→ **PROBLEM TO SOLVE**:
Repeat, word for word, every line from the line holding "Voyage En Rouge" through the final line of the entries below. Skip all pictures.

(Captioned web images)
--------------------------------------------------

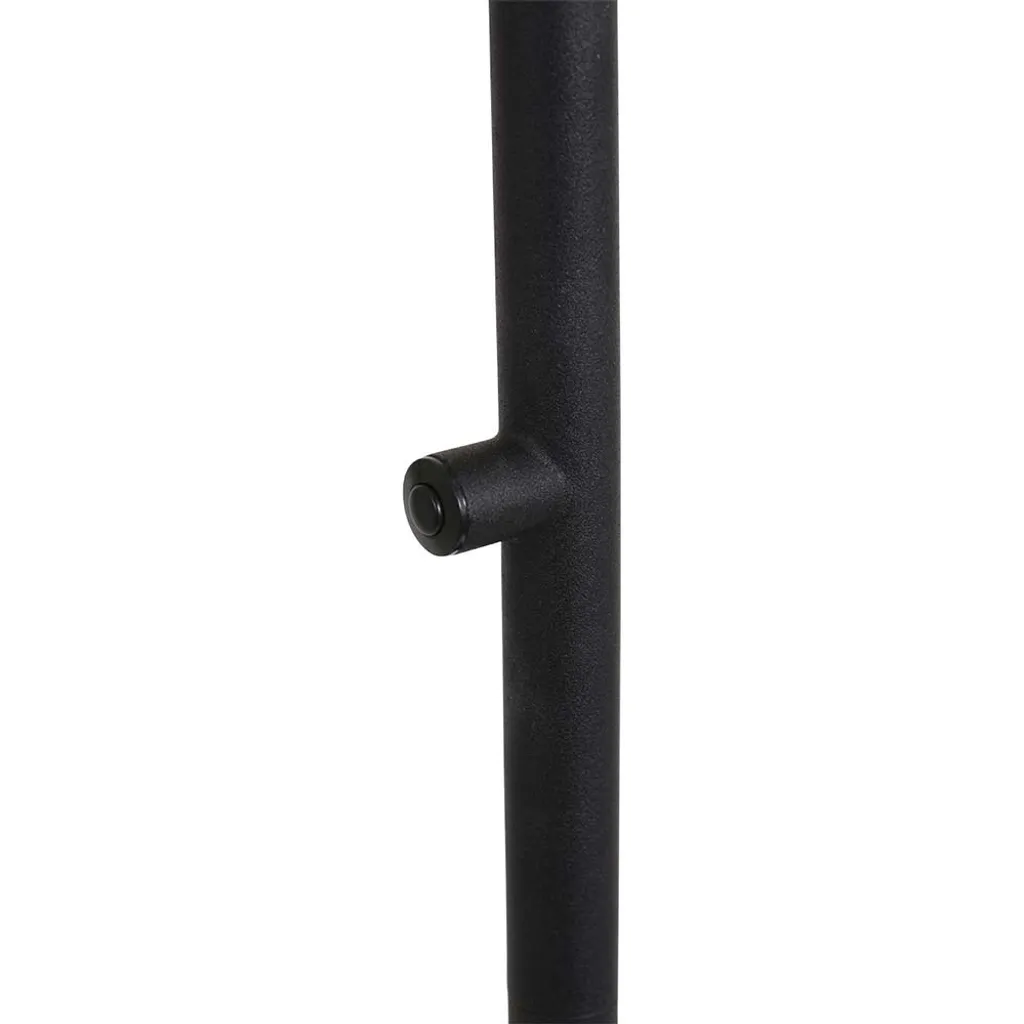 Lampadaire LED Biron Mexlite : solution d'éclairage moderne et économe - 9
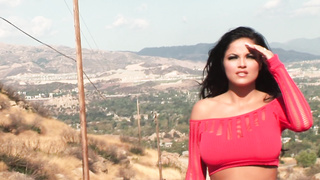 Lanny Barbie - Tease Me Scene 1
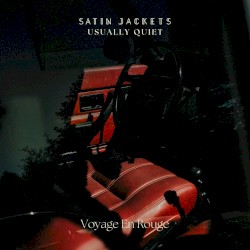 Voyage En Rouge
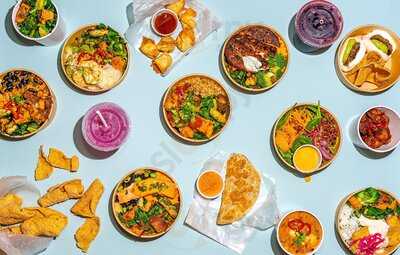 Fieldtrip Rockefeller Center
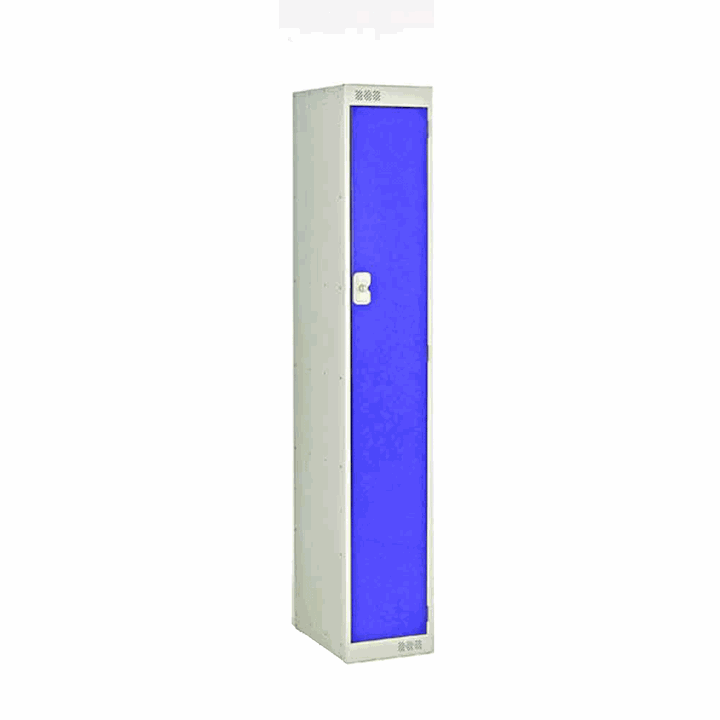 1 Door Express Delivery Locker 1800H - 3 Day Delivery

--------------------------------------------------

→ **SOLUTION TO THIS PROBLEM**:
 Voyage En Rouge
 Fieldtrip Rockefeller Center
 1 Door Express Delivery Locker 1800H - 3 Day Delivery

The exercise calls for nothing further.